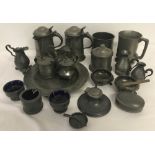 A collection of assorted vintage and antique pewter items.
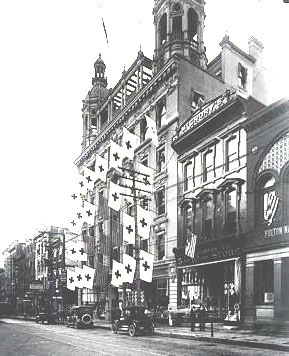 Rival dimestores in North Queen Street, Lancaster PA in 1910 - McCrory's in the foreground in front of Frank Woolworth's first skyscraper, bedecked with flags
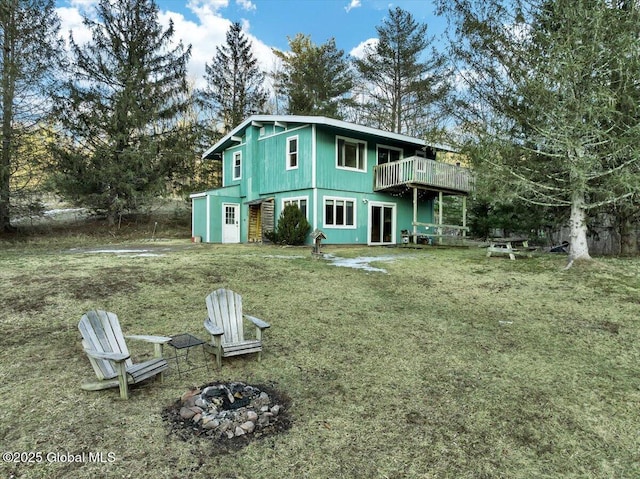 rear view of house featuring a yard, an outdoor fire pit, and a wooden deck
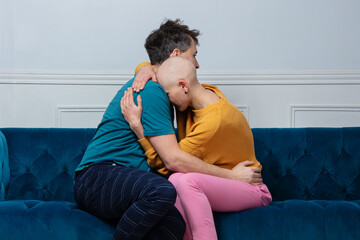Man comforts his hairless wife battling cancer hugging on sofa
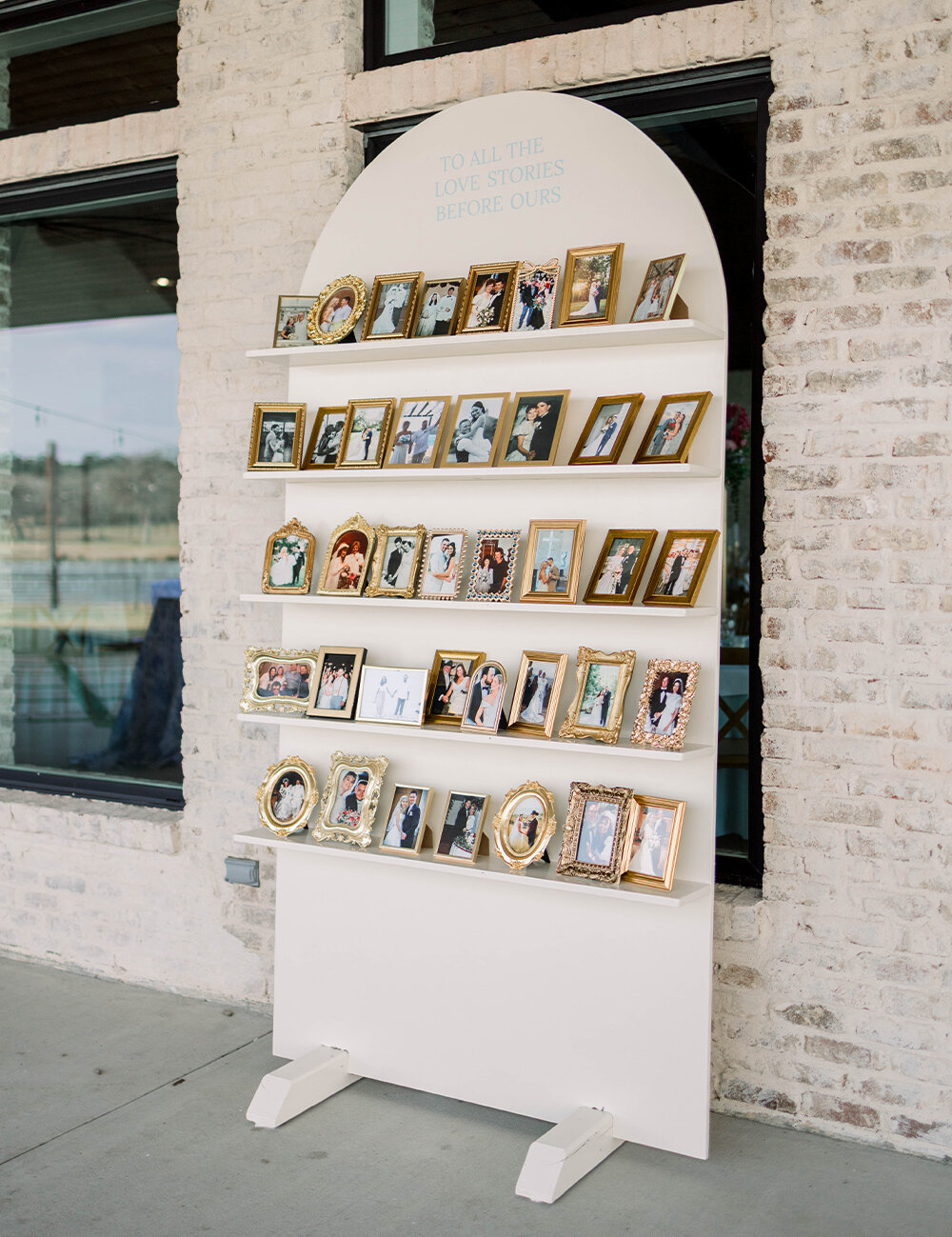 photo frames sitting on a shelf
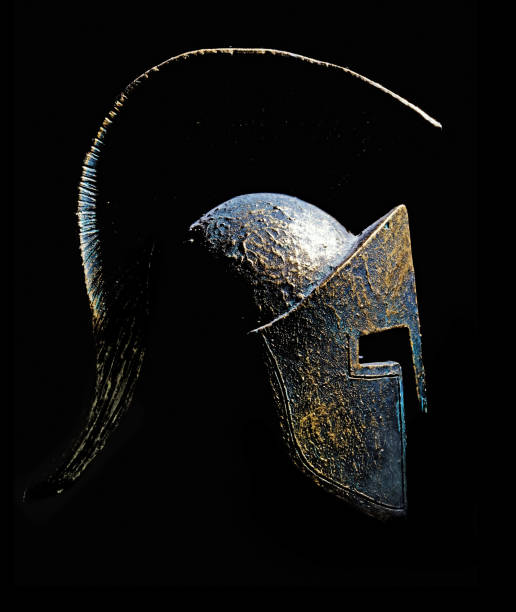 istock Ancient greek Sparta type helmet isolated on a black background 688015664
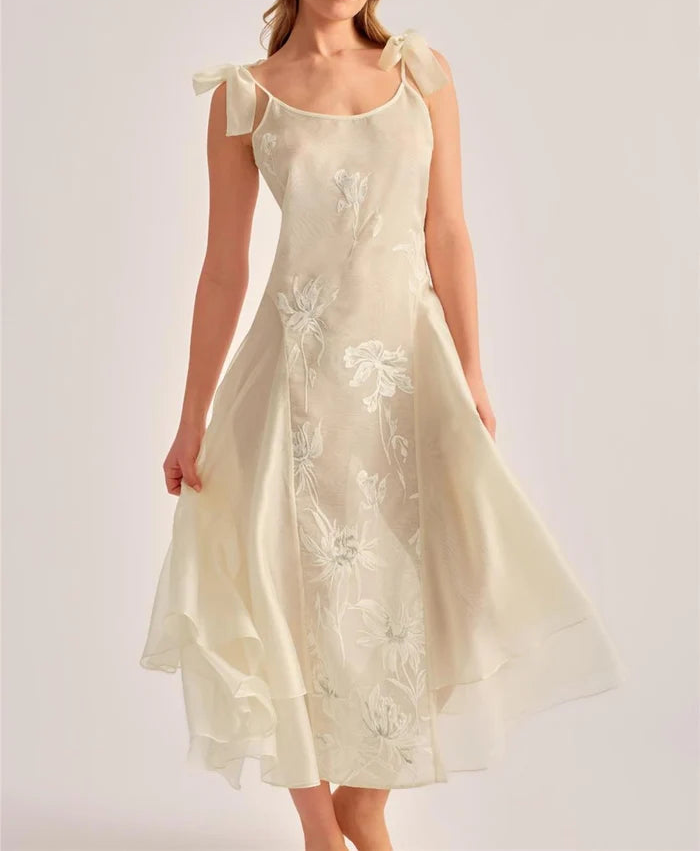 A woman modeling a cream-colored midi dress with delicate floral embroidery and sheer ruffled shoulder straps, set against a solid light gray studio background.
- - - - - - -
* WHAT THE TASK ASKS *
Exactly as written, please copy out the whole set of records, skipping images.

* ANSWER SECTION *
 A collection of assorted vintage and antique pewter items.
 Rival dimestores in North Queen Street, Lancaster PA in 1910 - McCrory's in the foreground in front of Frank Woolworth's first skyscraper, bedecked with flags
 rear view of house featuring a yard, an outdoor fire pit, and a wooden deck
Man comforts his hairless wife battling cancer hugging on sofa
 photo frames sitting on a shelf
 istock Ancient greek Sparta type helmet isolated on a black background 688015664
 A woman modeling a cream-colored midi dress with delicate floral embroidery and sheer ruffled shoulder straps, set against a solid light gray studio background.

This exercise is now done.